Arctic stakeholders gain momentum through historic forum

Coast Guard Commandant Adm. Paul Zukunft (right) and the heads of seven other Arctic nations' coast guards sign a joint statement that establishes the frameworks that detail the development of a multi-year strategic plan, avenues to share information, highlight best practices, identify training exercises, and on-the-water combined operations to achieve safe, secure and environmentally-responsible maritime activity in the Arctic.

Coast Guard Commandant Adm. Paul Zukunft (right) and the heads of seven other Arctic nations’ coast guards sign a joint statement that establishes the frameworks that detail the development of a multi-year strategic plan, avenues to share information, highlight best practices, identify training exercises, and on-the-water combined operations to achieve safe, secure and environmentally-responsible maritime activity in the Arctic.

The United States Coast Guard has a rich history of operating in the Arctic, dating back to the acquisition of Alaska in the 1860s. More than 150 years of operations in one of the world’s most challenging environments has paved the way for recent historic events, including the Coast Guard Cutter Healy becoming the first U.S. surface vessel to reach the North Pole unaccompanied in September of last year.

Today, another milestone occurred when leaders representing all eight coast guard agencies of the Arctic nations signed a joint statement establishing the framework for the Arctic Coast Guard Forum’s multi-year strategic plan.

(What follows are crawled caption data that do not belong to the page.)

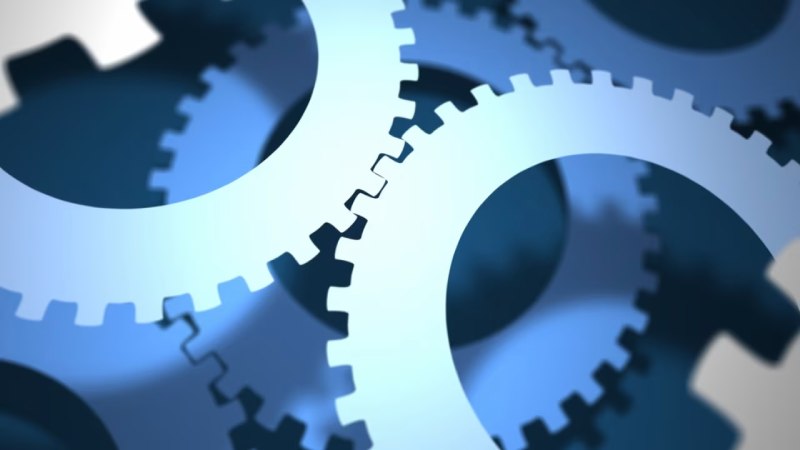 公安县软件开发公司：如何为客户选择合适的数据分析工具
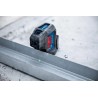 Bosch Profesyonel GPL 3 G Yeşil Nokta Lazer - 0601066N00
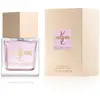 Image de Yves Saint Laurent - Parisienne Eau de parfum 80 ml female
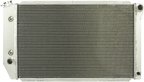 Spectra CU390 Radiator - view 1
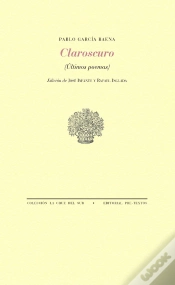 Capa do artigo Claroscuro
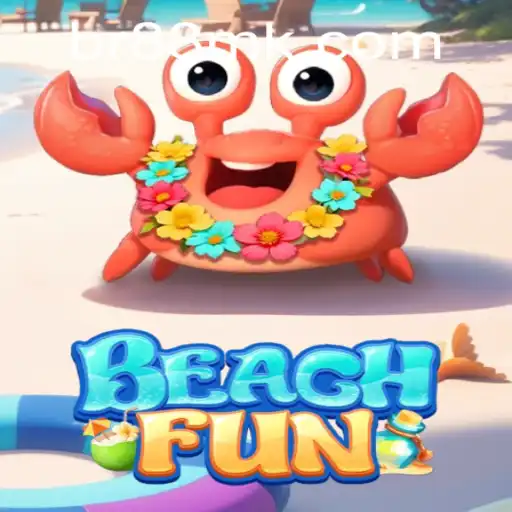Exploring the Thrills of BeachFun: A Game of Skill and Excitement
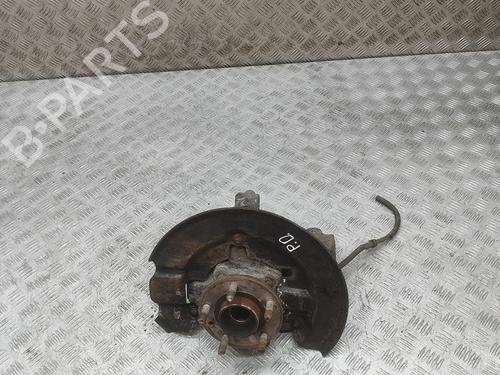 BP34136507M26 main image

The Arctic Coast Guard Forum membership includes Canada, Denmark, Finland, Iceland, Norway, Sweden, the Russian Federation and the United States.

Coast Guard Commandant Adm. Paul Zukunft signs a joint statement that establishes the frameworks that detail the development of a multi-year strategic plan, avenues to share information, highlight best practices, identify training exercises, and on-the-water combined operations to achieve safe, secure and environmentally-responsible maritime activity in the Arctic.

Coast Guard Commandant Adm. Paul Zukunft signs a joint statement that establishes the frameworks that detail the development of a multi-year strategic plan, avenues to share information, highlight best practices, identify training exercises, and on-the-water combined operations to achieve safe, secure and environmentally-responsible maritime activity in the Arctic.

Since the Arctic Coast Guard Forum was officially launched during a principals meeting in New London, Conn., last October, working groups have established strategies, objectives and tactics aimed towards achieving common operational goals in the region. In addition, agency representatives attended the Icelandic Search and Rescue Table Top Exercise in Reykjavik, Iceland, in April, sharing best practices and lessons learned.

“Today’s signing ceremony marks the culmination of months of collaboration by all eight Arctic coast guards,” said U.S. Coast Guard Commandant Adm. Paul Zukunft. “The Arctic coast guards now have an established framework to exchange information and are finalizing a set of combined operating guidelines to enhance interoperability. This year we will hold a table top exercise culminating in a live exercise in 2017 to address safety of life at sea and the challenges of a mass rescue scenario as more and more cruise ships ply this harsh and unforgiving environment.”

The Arctic Coast Guard Forum will reconvene for an experts meeting in fall 2016.